Será por eso que no presume de su buena fortuna como escritor, presa de cierto escepticismo o del elegante esplín con que se anticipa al irremediable silencio: “después de las flores/ después de los discursos/ después de los adioses”. Una posición realista que en nada lo aleja de los dominios metafísicos de la integración: “Y son tantos/ los hombres/ que todavía/ no han visto/ realmente/ un árbol”. Y aun de experimentar la atracción cósmica a lo Carl Sandburg: “Mi cabeza golpea las estrellas” escribió el norteamericano; pero más en su caso con vértigo frente a los ritmos imperturbables del universo: “La luz/ evapora el oxígeno/ el día la noche/ la muerte la vida/ el tiempo/ el amor”, turbación que resuelve juguetonamente al cabo con impactantes metáforas de reminiscencias nerudianas: “¿Tus pecas eran estrellas?
Sin preciarse de prodigioso y arrollador, torrentoso corre su mensaje, crea nuevos cauces, anega fertilizando territorios improbables de poesía y cuando y donde retira sus caudales deja latencias, instiga ecos, contagia inquietudes de hondo humanismo y humanitarismo: “A Grecia llegué/ dos mil años/ después de lo debido./ Y a Sudáfrica/ dos mil años antes/ de lo oportuno. O bien: “Lucha muchacho negro/ trabaja fuerte/ y estudia si puedes./ No te emborraches/ esfuérzate mucho/ y no te importen/ los sacrificios/ que debas hacer/ Y cuando culmine tu lucha/ y llegues eventualmente a ser/ el mejor hombre/ de Africa del Sur/ aun así/ el último de los blancos/ el más imbécil/ el más cretino/ tendrá todavía/ más derechos que tú.”, tal escribió con santa furia en Sudáfrica en 1966.
¡Y pensar que cumplía funciones diplomáticas en el país del apartheid, la tierra que se negó a besar Juan Pablo II en cierta escala técnica obligada!
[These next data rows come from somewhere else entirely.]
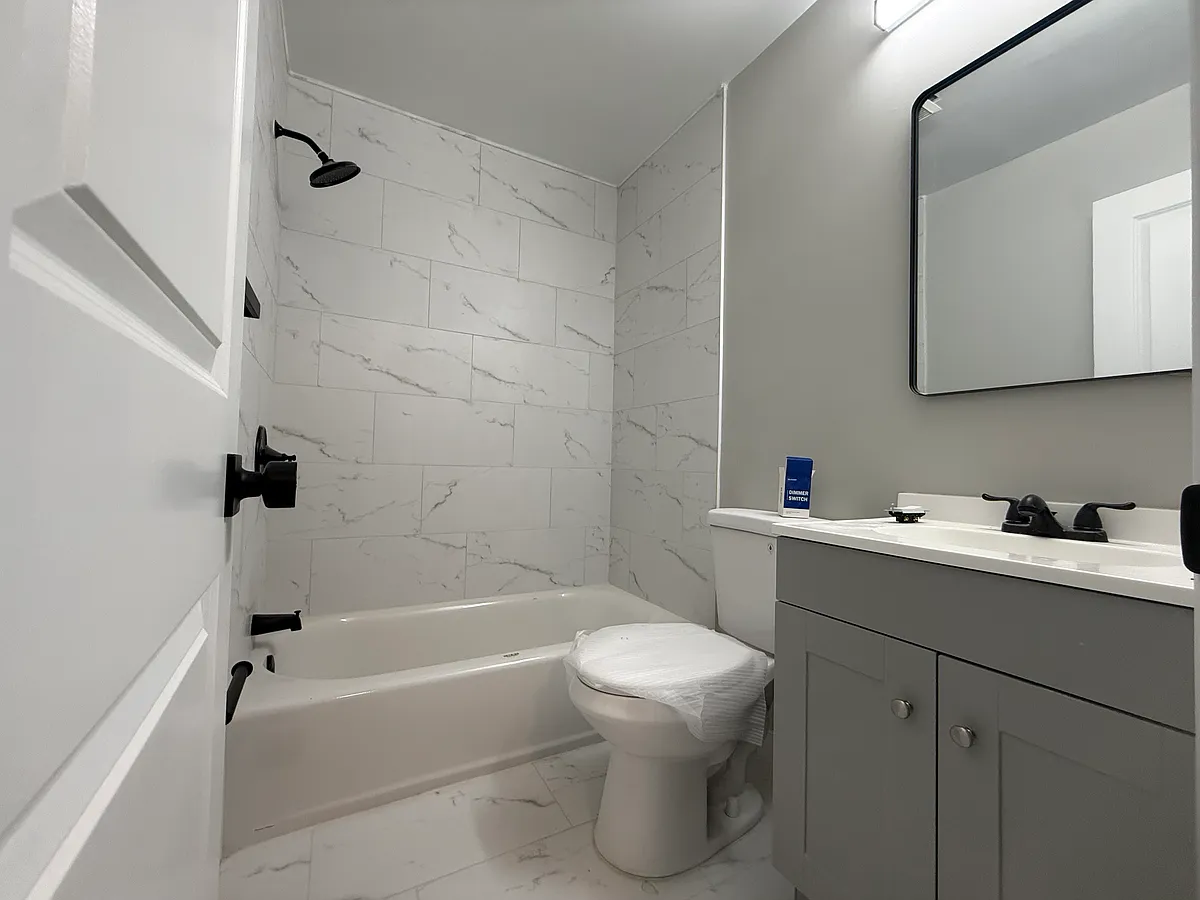 Upstairs full bath - 1208 Knoll Mist Ln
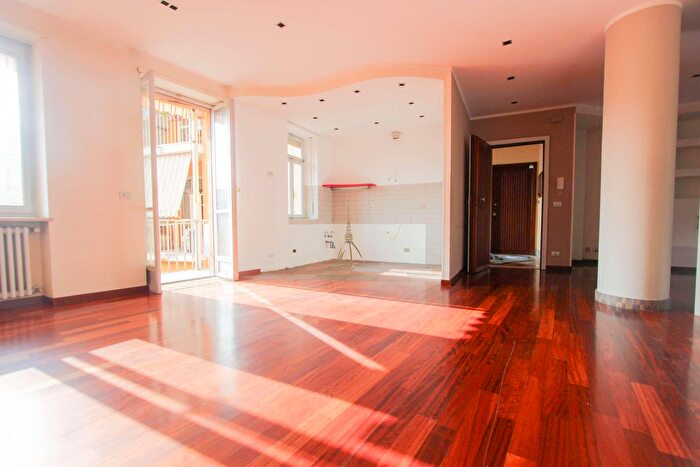 Appartamento con 5 locali in vendita in Via Vittorio Emanuele, Chieri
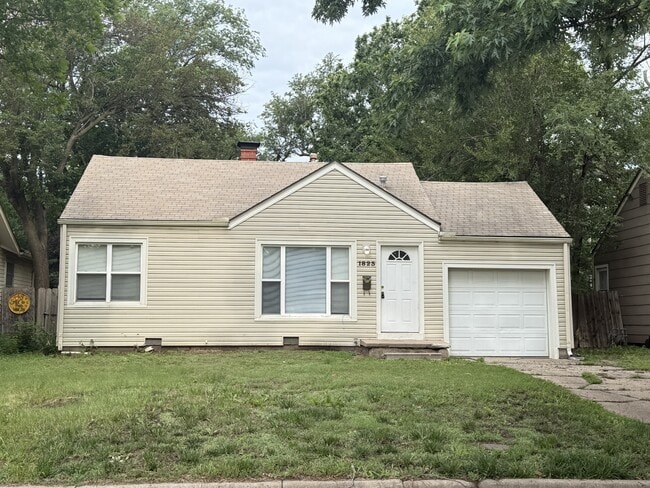 property at 1823 N Garland St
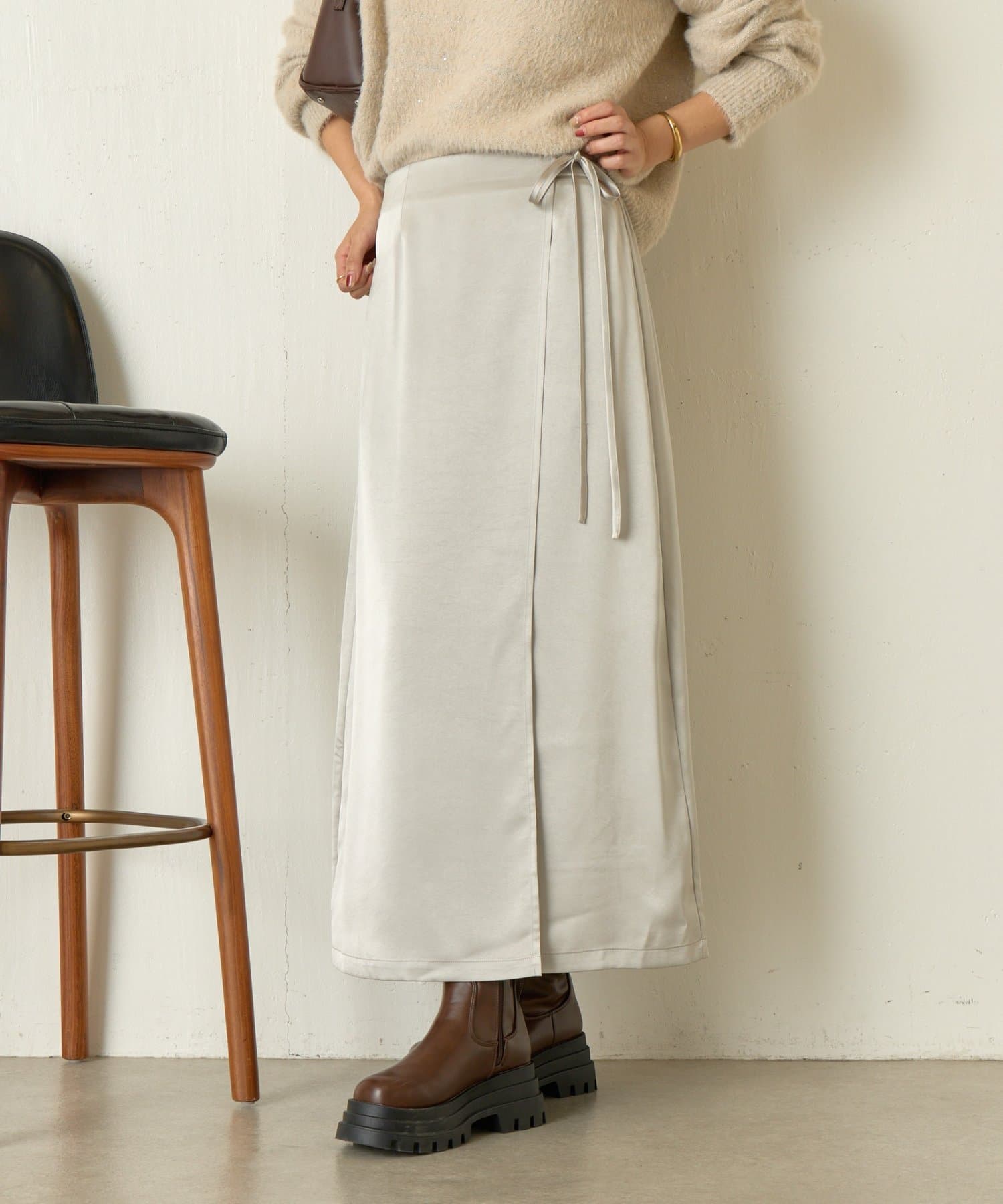 Jena　espace merveilleux(ジェナ　エスパスメルヴェイユ) ラップ風サテンスカート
Aplaudo yo en este ámbito académico de las relaciones internacionales su falta de diplomacia, su decir nada elíptico ni condescendiente, su sabiduría del corazón que lo ha movido a llamar al pan pan y al vino vino, reafirmando la exactitud del pasaje de Tomás de Kempis: “Aquel a quien las cosas le saben como son y no como se dice de ellas es el verdadero sabio”.
A este Albino ávido de justicia, de solidaridad, de verdad y de belleza; a este Albino sin resignación ante las tropelías de los poderosos del mundo y de probado compromiso para con sus semejantes, el oficiante de la projimidad y el exorcista del “afán de novedades” que analizó Heidegger; a este Albino en nada versificador y en mucho poeta de cosas de fundamento, con justeza le advirtió Juan Gelman en una carta fechada en París en septiembre de 1987: “si dejaras de escribir poesía, mostrarías una falta de valor”.
Propiamente el ejercicio del “valor” es uno de sus hábitos que ejercita según varias de las acepciones que al término le atribuye el Diccionario de Autoridades: en tanto cualidad del alma que mueve a acometer grandes empresas y como aptitud para proporcionar deleite, para el caso mediante sus creaciones. Ese es en plenitud su valor: cívico y literario, dimensiones ambas activadas con virtuosismo no extendido en rectas paralelas, sino en líneas encontradas en el punto de la mejor actitud ciudadana y la responsabilidad autoral. Las de las convicciones éticas y estéticas de Albino Gómez, en las que tanto ha perseverado para satisfacción de sus lectores y orgullo de sus compatriotas.
- Carlos María Romero Sosa, escritor
camaroso2002@yahoo.com.ar
- Reseña de Romero Sosa sobre obra poética «Sólo se trató de vivir y amar», del embajador Albino Gómez. La presentación de su libro se realizó el 7 de agosto de 2014 en la sede del CARI (Consejo Argentino para las Relaciones Internacionales), en la CABA.